Resulta que algún optimista empedernido un día sentenció que si uno pisa mierda, andará con buena suerte por la vida; o que cuando se hace torta el codo, va a llegar plata; o que una estampida de paloma en la cara encierra la promesa de un futuro promisorio.
Entonces el lunes una pisa un sorete blando de perro cuando está yendo a la oficina. Entra y, con el zapato embadurnado con un bando más potente que vuvuzela en mundial de Sudáfrica, las compañeras la alientan: ¡Es buena suerte! Y aunque la gente se aparta a medida que avanzas y las miradas que te profieren juran que recurris al aseo personal una vez por semana, la pavota se ilusiona.
Y te anotas en un curso, y no apareces ni en la lista de espera.
Y te suena el celular 20 veces por día, y nunca, en ninguno de esos ring, ves en la pantalla el número que querías atender (y el optimista empedernido va a salir con que ‘por lo menos te suena’, ‘por lo menos te invitan’, ‘por lo menos....’. Asumilo: eso no es optimismo: es rifarse).
Y querés tirarte tranquila a mirar una película, y se te cae el vaso de vino completo sobre el sofá blanco y la pollera que más te gusta.
Y terminás de arreglar la gotera de la canilla de la cocina, y se te rompe la cadena del baño.
Y lográs destapar la cañería a fuerza de meter mano en la inmundicia de la rejilla, esa que escupe agua cada vez que queres lavar los platos, y hace cortocircuito la luz de la cocina y ya ni siquiera podes prever si el líquido te va a mojar las patas.
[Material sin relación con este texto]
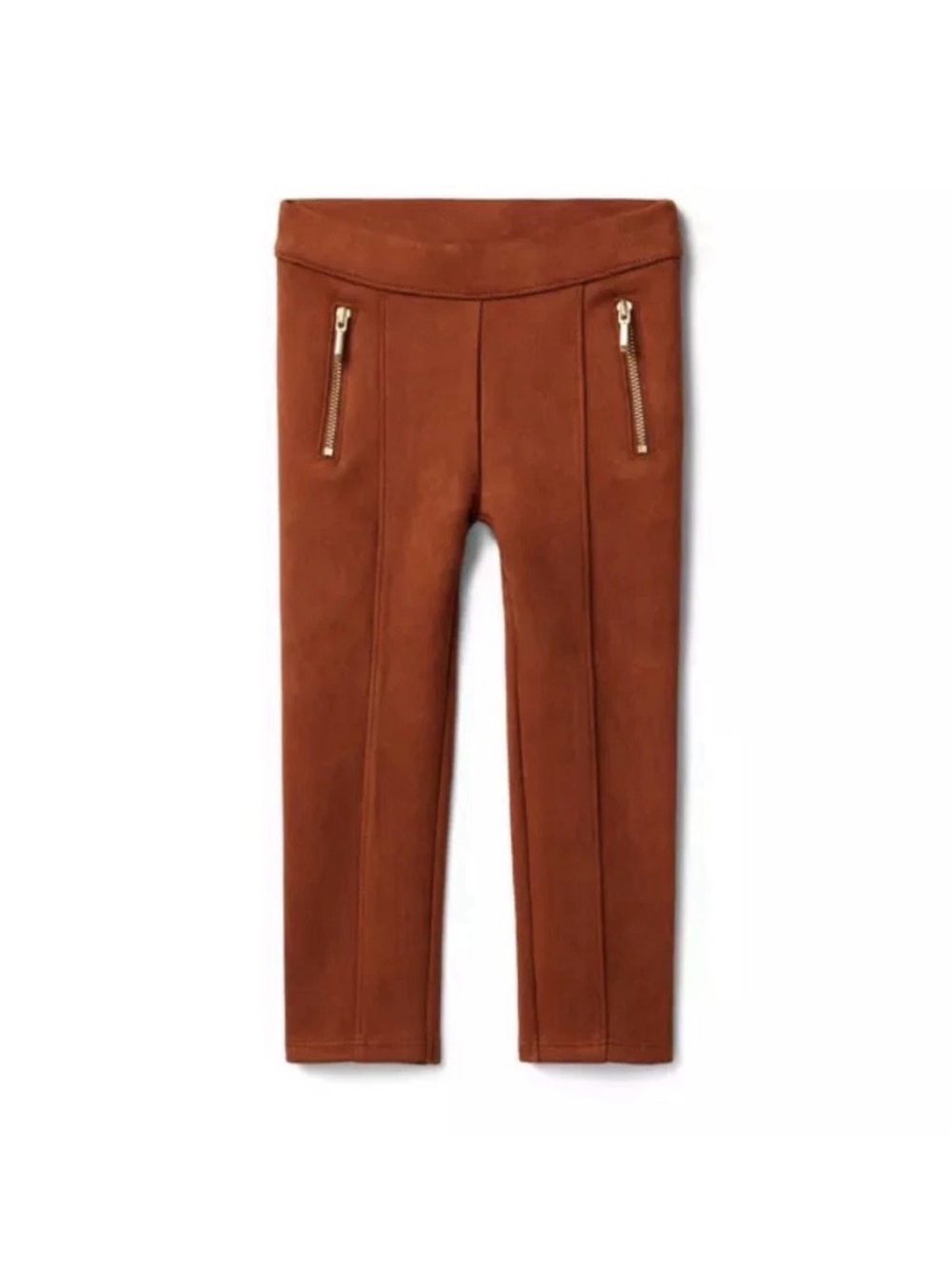 Janie and Jack Faux Suede riding pants in chocolate brown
Y ya dudas de volver a reparar algo de la casa, porque seguro lo que se va a romper después es peor, más caro, más difícil de solucionar.
Y entonces caes en la cuenta de que estos optimistas de porquería que inventaron esos pequeños consuelos para no asumir que el mundo es tan mierda como la que pisaste, son unos reverendos estúpidos.
Y concluís que la gente se divide en dos categorías: los pesimistas ignorantes y desinformados que en todo lo malo ven algo bueno, y los imbéciles que de vez en cuando les creemos.